The secretary of the Democratic Party and its candidate for the Senate had thought, as usual, to put on a grand show, with a rally in the Piazzale Michelangelo overlooking the city. But, in the end, the order came down to cancel the outdoors event: the large pots of ribollita and lampredotto and the bowls of mulled wine were brought to the Obihall, the old tent theater with a capacity of about 1,500 people, for an event that the PD had put a lot of effort into organizing as well as possible: buses had been hired to bring candidates and supporters over from Empoli, Prato, Pistoia and Pisa.
The inclement weather these days—cold wind, snow, freezing rain—mirrors the mood within the Democratic Party, which is finding out that it is not unbeatable even in Tuscany. The center-left coalition is in danger in at least three districts (Lucca, Massa and Grosseto), and is not sure of victories even in Pistoia and Arezzo. “This was a campaign that focused on empty bellies,” goes the thinking among PD members, “and whoever is in government will not come out well from such a race.”

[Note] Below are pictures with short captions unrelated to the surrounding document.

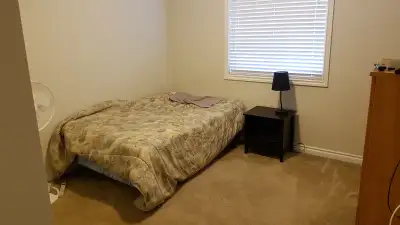 Room for rent in Fort Saskatchewan 3 bedroom home to share with 2 middle aged males, one working out...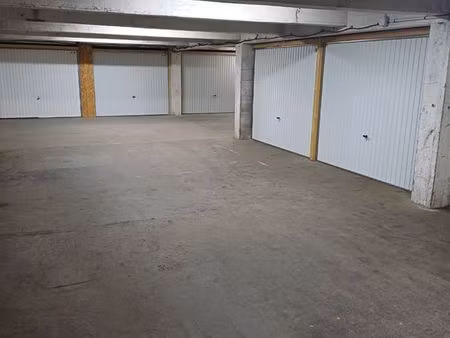 garage  box  pour camping-car  caravane  voiture  moto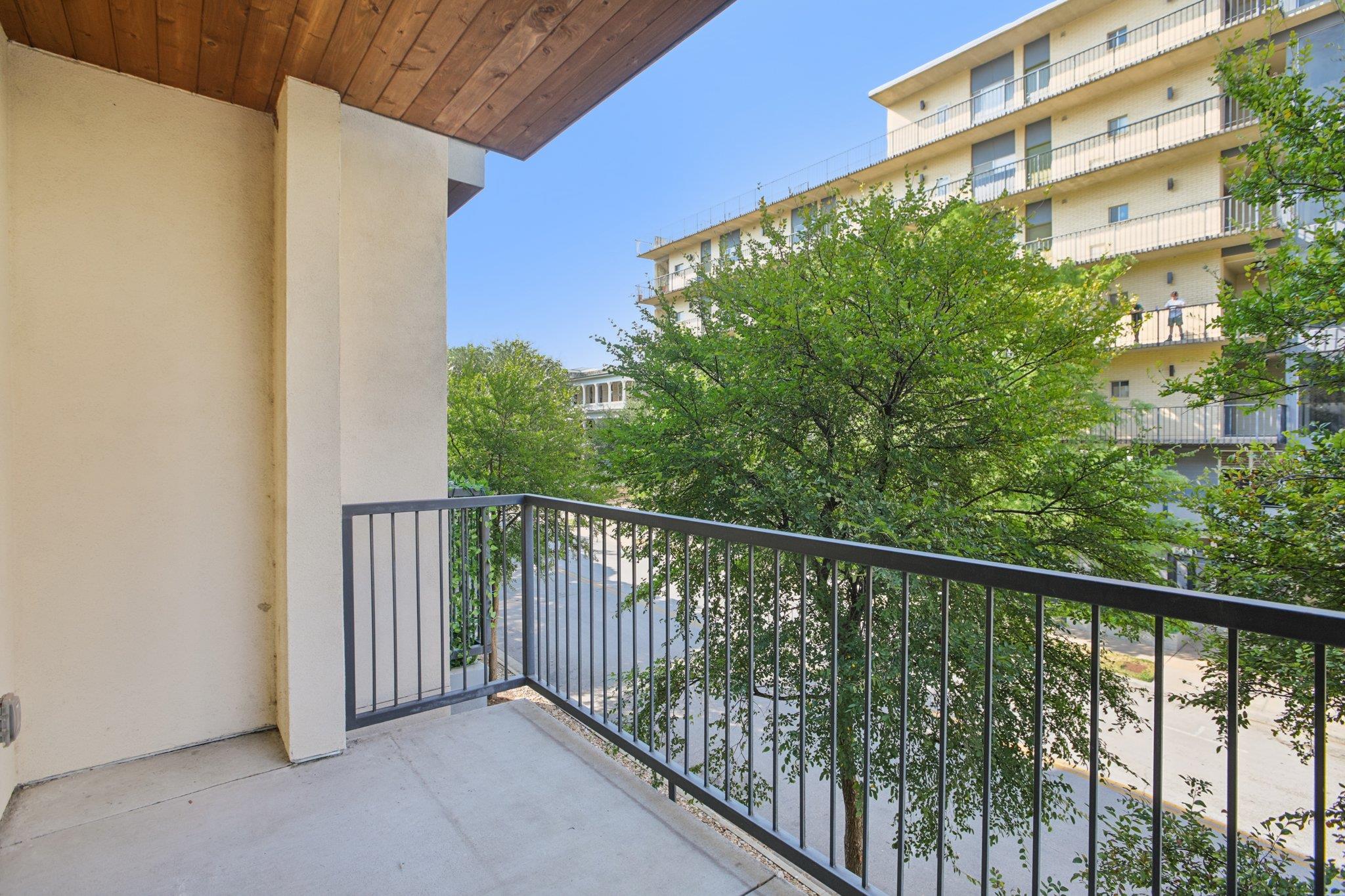 908 Nueces St # 28, Austin, TX 78701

Maybe this is why the PD secretary is, for once, declining the mantle of protagonist in the electoral fight. In the morning, on the ANSA news agency’s live forum, Renzi confirmed that it was not his personal goal to occupy the Palazzo Chigi again.
“We have a simple position: there is no such thing as a candidate for prime minister under our current laws, and we respect the institutional duty of the president of the republic,” he said. “We will support whoever ends up being the Democratic Party candidate for the job, beginning with Paolo Gentiloni and going through all the names that have been touted, and there are many of them, almost the size of a full soccer team. Anyone from the Democratic Party will get the support of the Democratic Party.”
In the evening, on TG3, in near-anticipation of the PD’s final rally, Matteo Renzi rattled off the latest figures from the national statistics office. He has begun treating them as something of a security blanket: “I was sworn in as prime minister in February 2014. Since then, the GDP has grown by 4 percent, consumption has increased by 5.4 percent thanks to the extra €80 and the bonuses, exports have grown by 17 percent, and investment in industrial machinery and transport has grown by 24 percent. This is official data. No one can deny it.”
He repeated these same words at the Obihall, not talking from the stage, which was occupied by a giant screen, but from a raised platform near the center of the hall, in the midst of “his” people who were cheering for him. The set design was reduced to a minimum, with just three flags—of the Democratic Party, of Europe and of Italy—and his fans erupted into cheers when the candidate for Senator hit on the theme of casting a “useful vote,” which of course is a part of the electoral pitch of the PD secretary.
It goes without saying that Renzi pointed to the boogeyman of the Right, but he explicitly referred only to the Lega Nord, a detail of no small importance: “I hope that a voter of the Left, and especially the radical Left, will be able to think carefully about what is going to happen, since on Sunday, in this fight between reformists and extremists, there is the risk that voting for the radical Left locally might bring Matteo Salvini closer to the post of Prime Minister, or Minister of Internal Affairs.”
Finally—and this was perhaps the moment when Renzi felt the most comfortable—came his appeal to the militants, and to his erstwhile sympathizers who had fallen away. His words were very carefully chosen:
“To raise one’s tone, to scream, to scare people—that could bring a few more points at the polls, but it does not build the future. We think that Italy has qualities, skills, human capital, beauty. You have to make it work better. This is a job that we have started on, and the results are there for all to see. But there is huge room for growth. We want to double the jobs we’ve created, we want to be the leaders in environmental and energy sustainability, we want to have more children by putting families in a condition of security. On Monday, no one will be talking about the flat tax or about the citizenship income anymore. But our concrete proposals regarding corporate taxes, the VAT regime, early retirement, broadband Internet, will end up like the €80: a heritage for everyone.”
In the end, Renzi’s message goes back to the same themes as always. Will it work once more?